This gives rise to a classic paradox in the search for stable deterrence: the conditions that are thought to make it necessary to apply deterrence guarantee that it will not be stable. The extent to which deterrence is genuinely stable is the extent to which it is unnecessary! India-Pakistan cannot have a stable deterrence equation nor did the US and the Soviet Union. But Britain and France can have a stable deterrent equation with each other precisely because it is unnecessary for them to have such a nuclear equation.

Constant technology advances in the development of nuclear warheads and in the designing of the range and accuracy of delivery systems is also a major input in ensuring the degenerative logic of deterrence-based thinking and behaviour. The more inaccurate and relatively invulnerable or undetectable the nuclear missiles are the more ‘stabilising’ they are. That is to say, if the missiles are not very accurate then they can be used to attack cities but not specific military targets. This makes them les useful as first-strike weapons aiming to, or capable of, knocking out an opponent’s military installations (including its nuclear missile installations and air bases) and more useful as second-strike weapons able to devastate cities. In the jargon this is called the difference between counter-value targets (e.g. cities) and counter-force ones (e.g. military/nuclear infrastructure). Moreover, the best second-strike nuclear weapons are considered to be those that combine low accuracy with relative invulnerability to a first strike. Thus submarine-based nuclear-tipped missiles are seen as the best guarantor of second-strike capacity.

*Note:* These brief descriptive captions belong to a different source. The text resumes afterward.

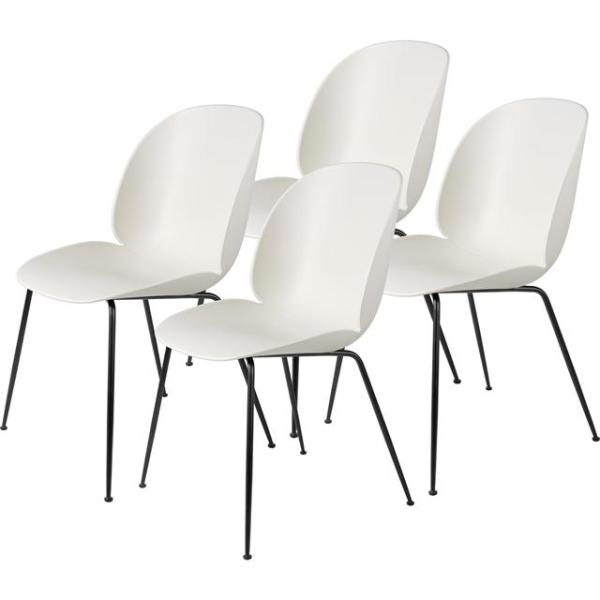 Gubi Beetle Spisebordsstol Conic Base Mat Sort Alabaster Hvid Stk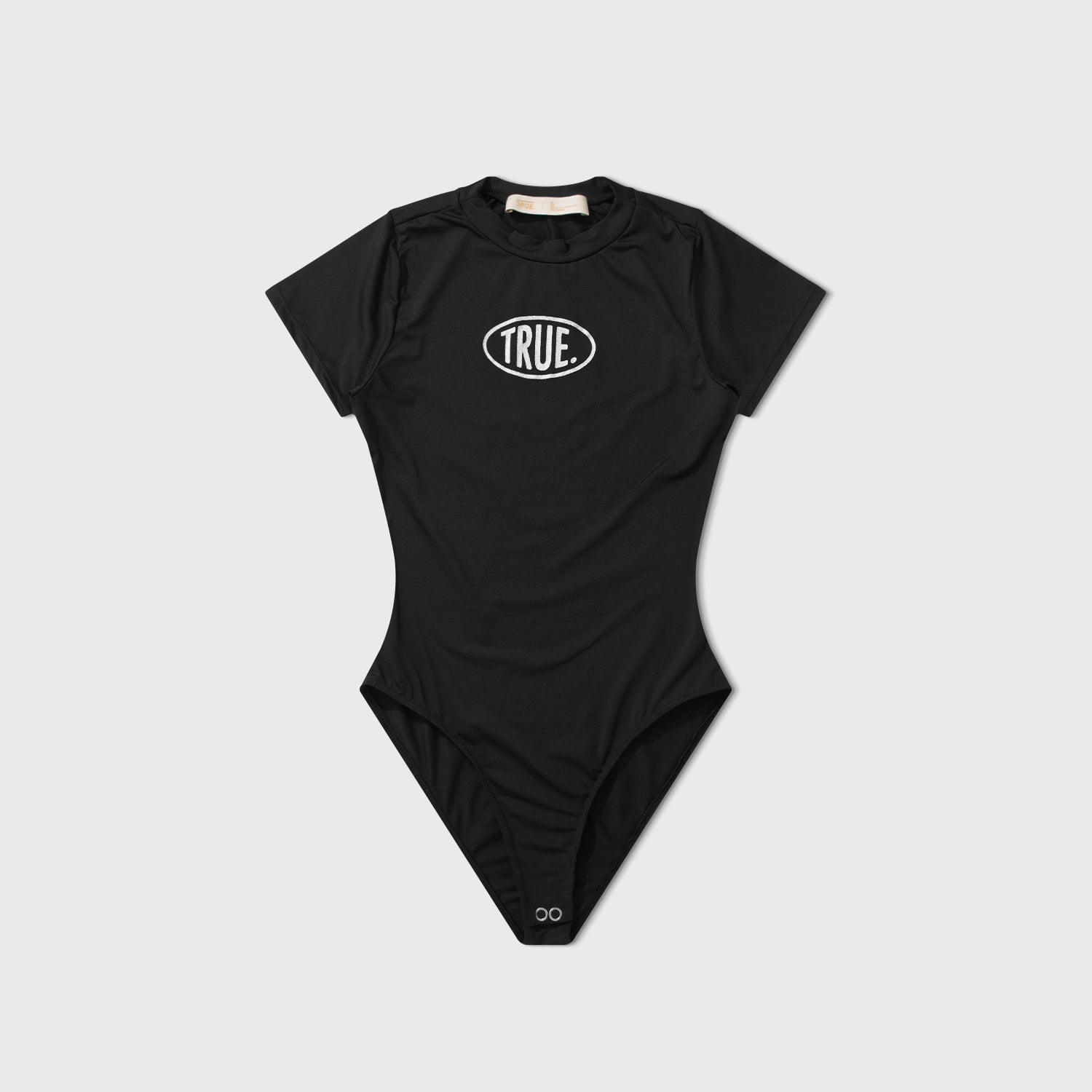 SHORT SLEEVE CREWNECK BODYSUIT - BLACK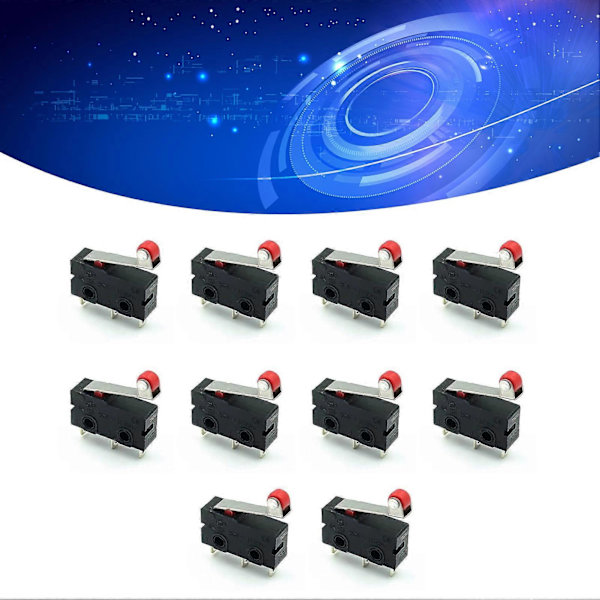 10 pcs Limit Switch with Roller, Normally Open/Closed, 3 Pin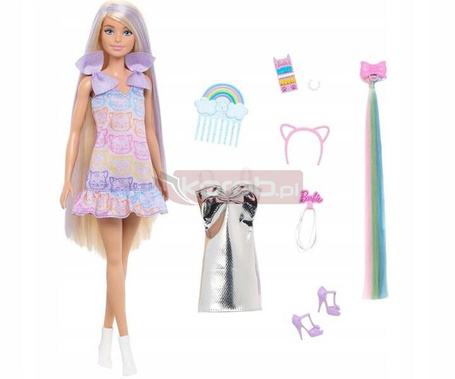 LALKA BARBIE ZABAWA WŁOSAMI lalka Barbie + akcesoria JCT72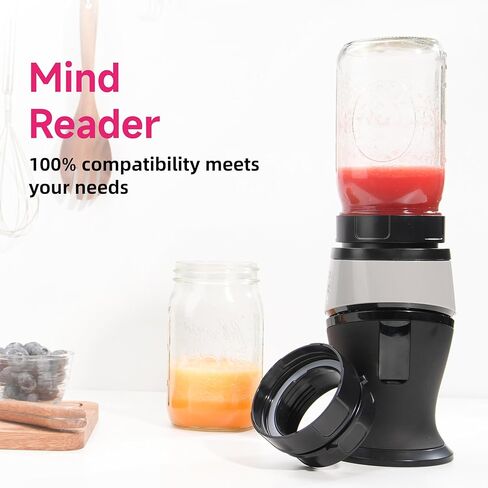 Adapter for Ninja Fit QB3001S and Ball Wide Mouth Mason Jar-Blend Directly in Glass Jar Replace Plastic Cup - Attachment Connection for Ninja Fit 700-Watt, Dishwasher Safe (Only Adapter) in Kuwait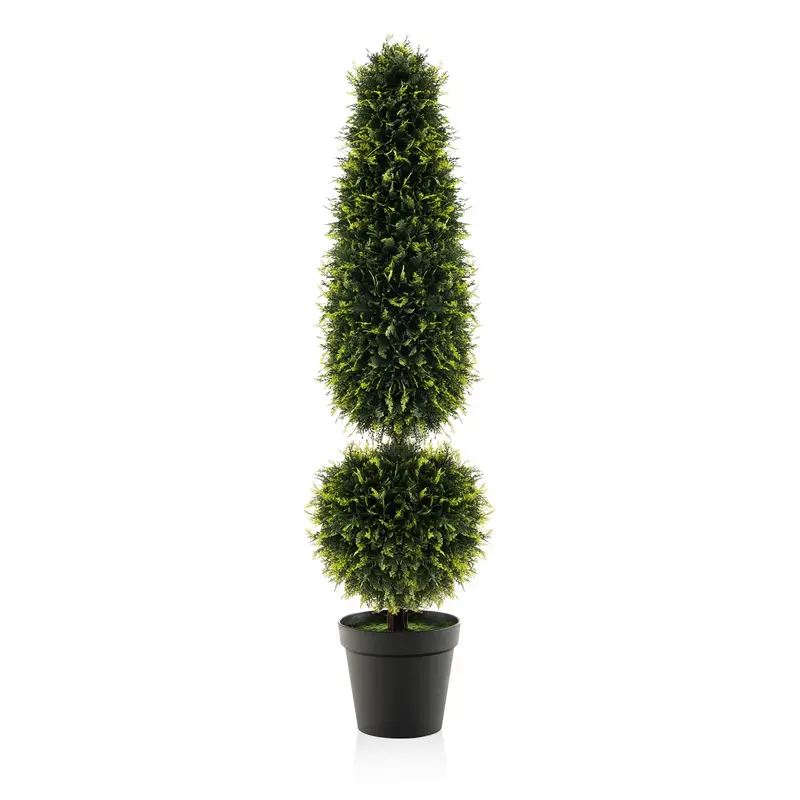 4-Foot Faux Boxwood Topiary Tree – Elegant Potted Artificial Plant with Natural Vine Detailing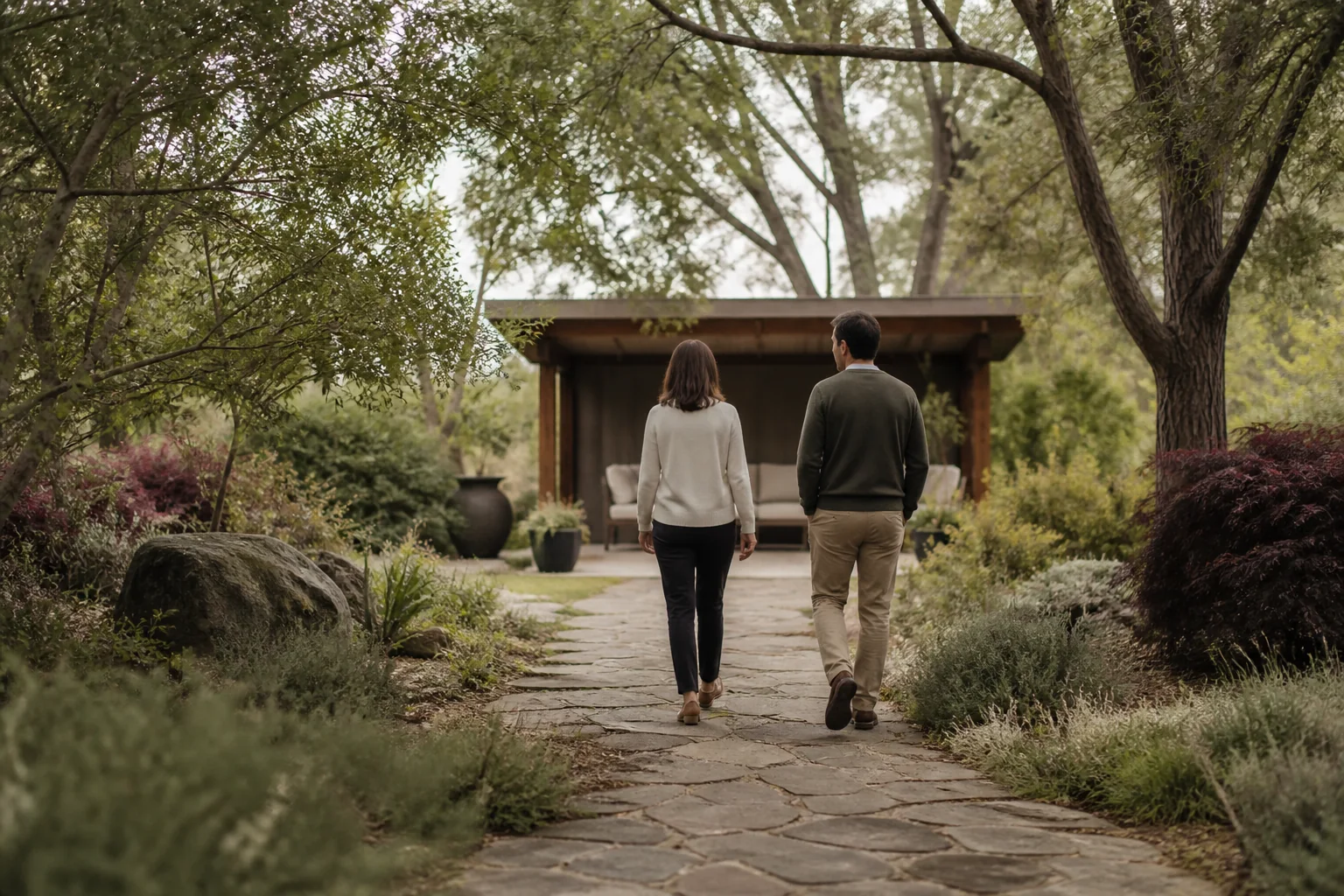 Two adults walking toward a quiet private offsite therapy setting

What happens, however, when land missile systems become more mobile (always being moved around on rail or road systems rather than being stationed in fixed silos), when there is 24 hour rotation of airplanes carrying nuclear weapons, and when submarine launched missiles become ever more accurate (which is happening), and when efforts at detection of submarines and anti-submarine warfare make steady technical advances? What all this means is that technology advances are themselves undermining the distinction between ‘stabilising’ second-strike weapons and ‘de-stabilising’ first-strike weapons since the former can increasingly double up to do the job of the latter. In short, this undermines hopes of stabilizing the nuclear equation. What is more, new technological breakthroughs, like a developed Star Wars project of the kind envisaged by the US, are profoundly destabilizing. One would need a separate essay to explain this complexity fully. In short, because technology does not stand still neither does nuclear arms development. This is not just a matter of replacing the old with the new but also of creating new problems, difficulties and dangers.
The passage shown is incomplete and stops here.